Reconstruire son image
Les appareils ne sont plus les mêmes, mais la photographie n’a pas complètement changé. Elle se développe simplement sur de nouvelles bases, d’après l’artiste et professeur à l’École des arts visuels et médiatiques de l’UQAM, Éric Raymond. «Cette technologie témoigne d’une planète qui est en train de rapetisser progressivement. Ça développe un nouveau rapport à l’espace, et ça développe un nouveau rapport au souvenir», remarque-t-il.
Selon lui, la relation des gens avec l’image s’est altérée. Le caractère commun de l’art photographique, en ce sens qu’il appartient au peuple, a causé l’exacerbation de certains paramètres. «La réelle différence, c’est dans l’usage qu’on en fait, dans le rapport que la photographie nous permet d’articuler entre le privé et le public», note Éric Raymond. Il affirme qu’il n’y a pas de barrière entre la prise de vue et sa publication. «Je prends une photo, je peux la mettre tout de suite en ligne. Ça amène cette notion très forte des frontières entre l’espace public et privé. On ne vit pas entouré des images de son quotidien, de son intimité de la même façon», expose le professeur.

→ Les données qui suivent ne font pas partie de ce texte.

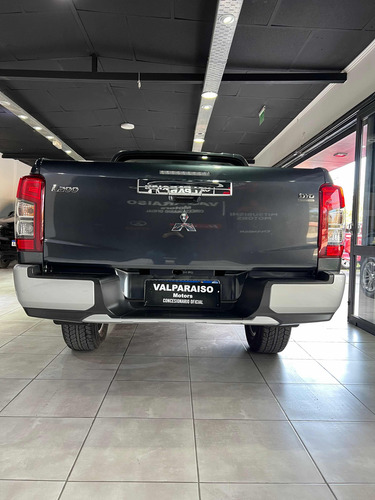 Mitsubishi L200 2.4 Di-d High Power 181cv Cuero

Désormais, l’image prend de nouvelles formes. «Une porosité est entrain de se développer. Les frontières entre le cinéma, la photo et la vidéo s’amenuisent. Les pratiques s’hybrident», indique Eric Raymond. La photographie n’est pas près de rendre son dernier souffle. «Il y a 150 ans, on prévoyait la mort de la peinture. Or, elle est aujourd’hui bel et bien vivante. C’est la même chose avec tous les médiums, dont la photographie», remarque-t-il.

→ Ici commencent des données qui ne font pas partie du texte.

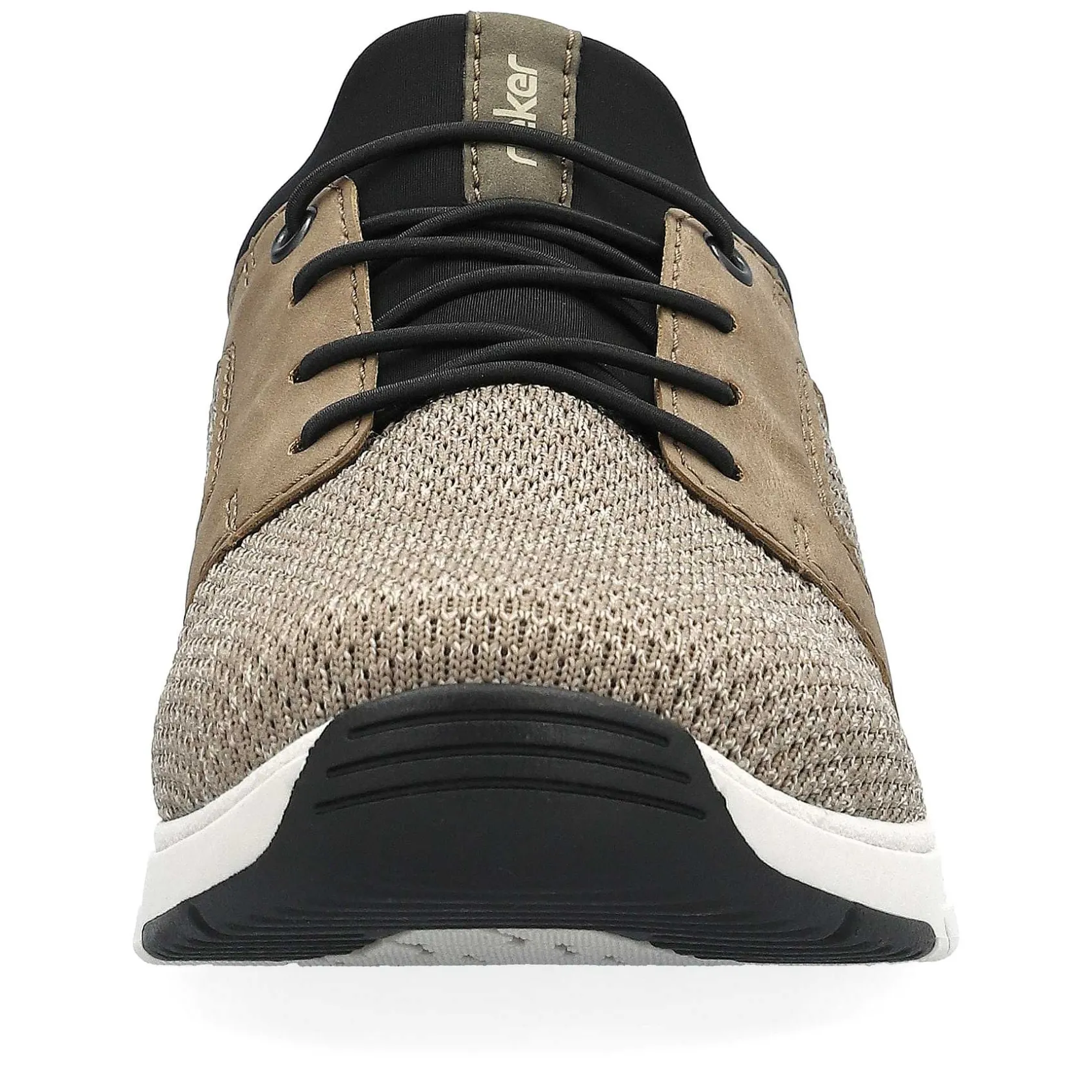 Rieker Low Shoes & Slippers-Men'S Slippers Light Beige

Le photographe Guillaume D. Cyr explique que le débat revient chaque fois que les appareils évoluent. «Quand les premières caméras 35 millimètres sont apparues dans les années 1930, c’était la révolution. On disait que ce n’était plus de la photo, on chialait que tout le monde pouvait en faire.» La même chose s’est produite dans les années 1970 avec les caméras reflex à film 35 millimètres, très populaires et peu couteuses. «La photographie n’a pas changé. C’est seulement la technologie qui est différente», assure-t-il.
L’image de l’avenir
Plutôt que de s’éteindre, la photographie est promise à un bel avenir. «Il y a de plus en plus de festivals de photo au Québec, de jeunes photographes qui forment des collectifs. C’est un milieu en pleine effervescence», défend Guillaume D. Cyr. Le président de Lozeau voit lui aussi l’avenir de la photographie d’un bon œil et place son espoir dans la jeunesse. «Aujourd’hui, de plus en plus de jeunes ont sous la main un appareil photo, contrairement aux générations précédentes qui y avaient beaucoup moins accès», explique-t-il. Il estime que la nouvelle génération apprivoise dès un jeune âge l’appareil photographique. «On espère qu’ils vont découvrir un intérêt marqué pour la photographie et vouloir s’investir dans leur passion. C’est la nouvelle génération qui va s’adapter à la nouvelle réalité», conclut-il.